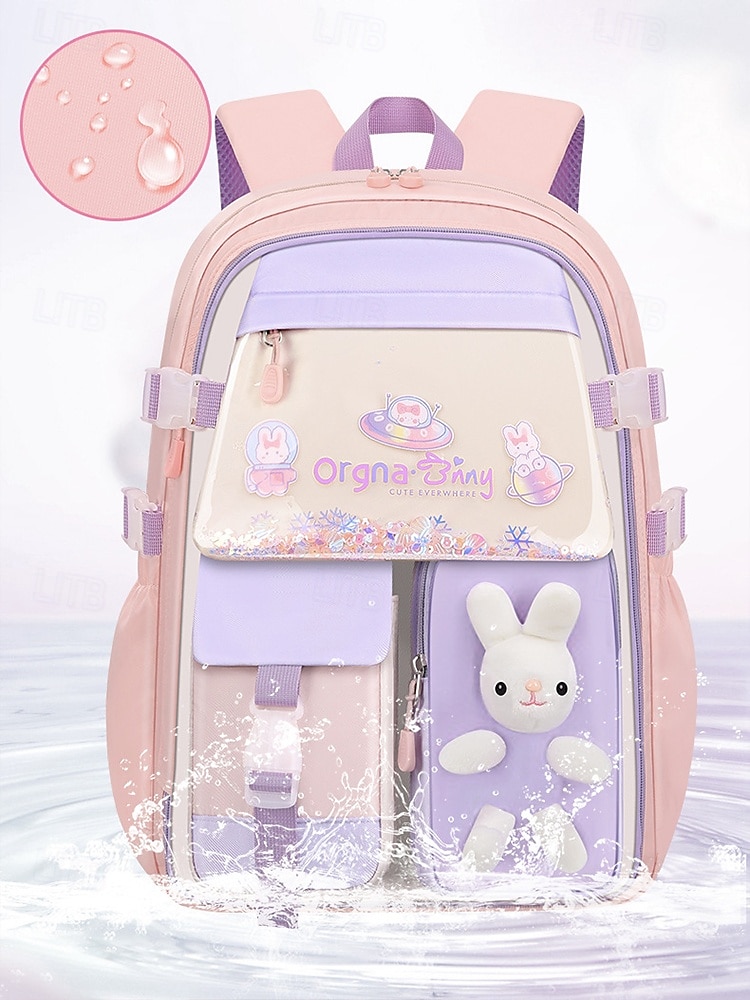 Sac à dos d'école imperméable pour filles avec bandes réfléchissantes et motif lapin - sac à dos léger de grande capacité pour les élèves du primaire, usage quotidien et voyage de 2025 ? $34.99 –P4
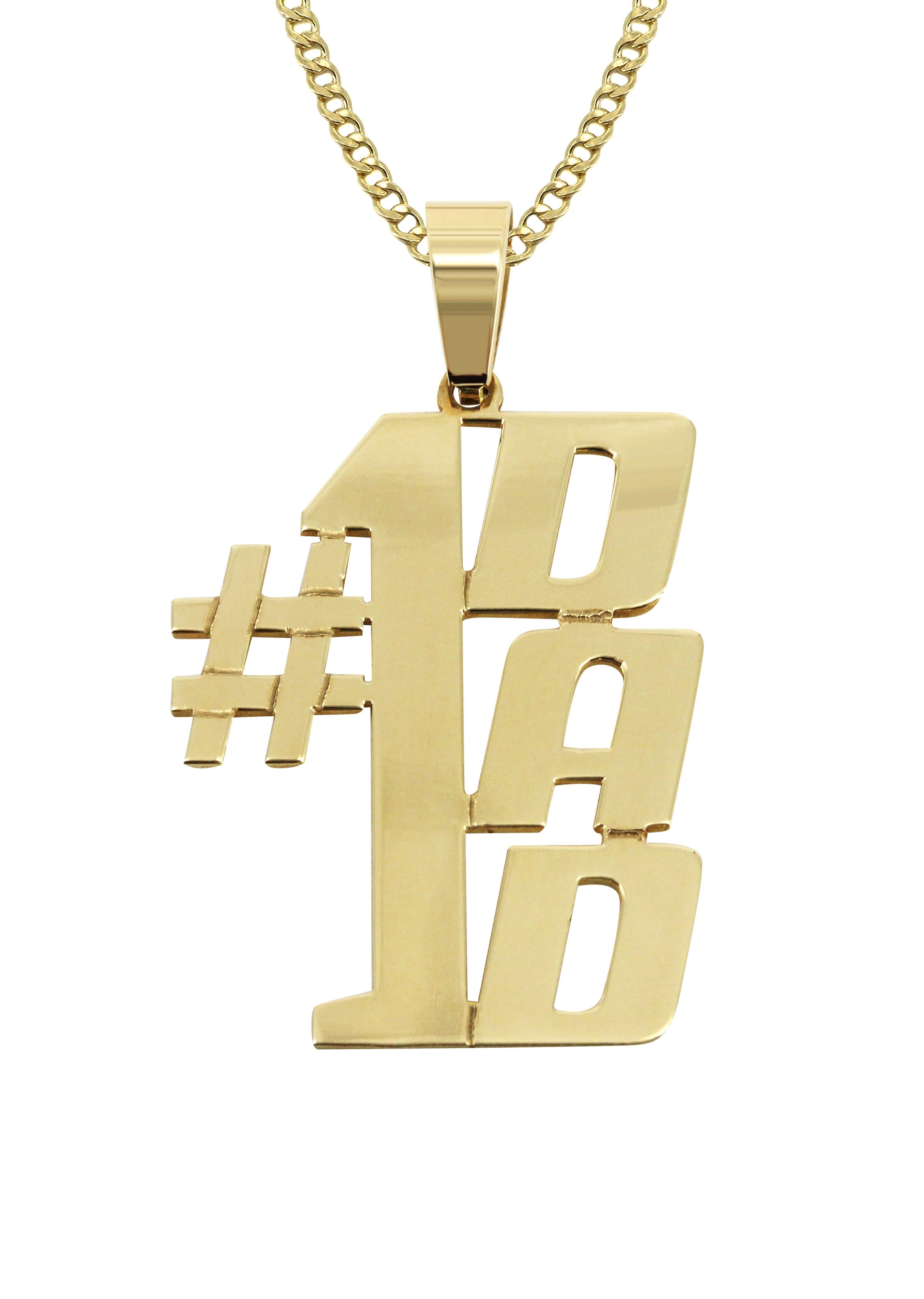 Manufacturer 16 14K Gold Number Name Plate Necklace | Style #119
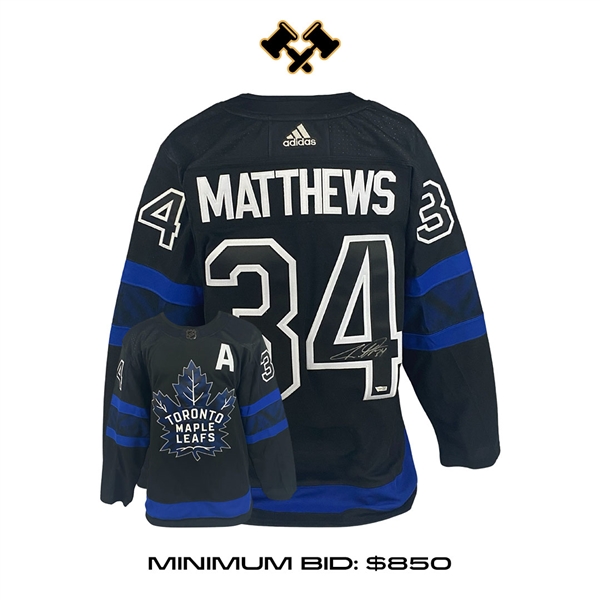 Auston Matthews signed Toronto Maple Leafs Third Adidas Auth. Jersey with "A"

= = =

Transcribe all of the material exactly, leaving out whatever pictures it contains.

▶ **ANSWER SECTION**:
 Sac à dos d'école imperméable pour filles avec bandes réfléchissantes et motif lapin - sac à dos léger de grande capacité pour les élèves du primaire, usage quotidien et voyage de 2025 ? $34.99 –P4
 Manufacturer 16 14K Gold Number Name Plate Necklace | Style #119
 Auston Matthews signed Toronto Maple Leafs Third Adidas Auth. Jersey with "A"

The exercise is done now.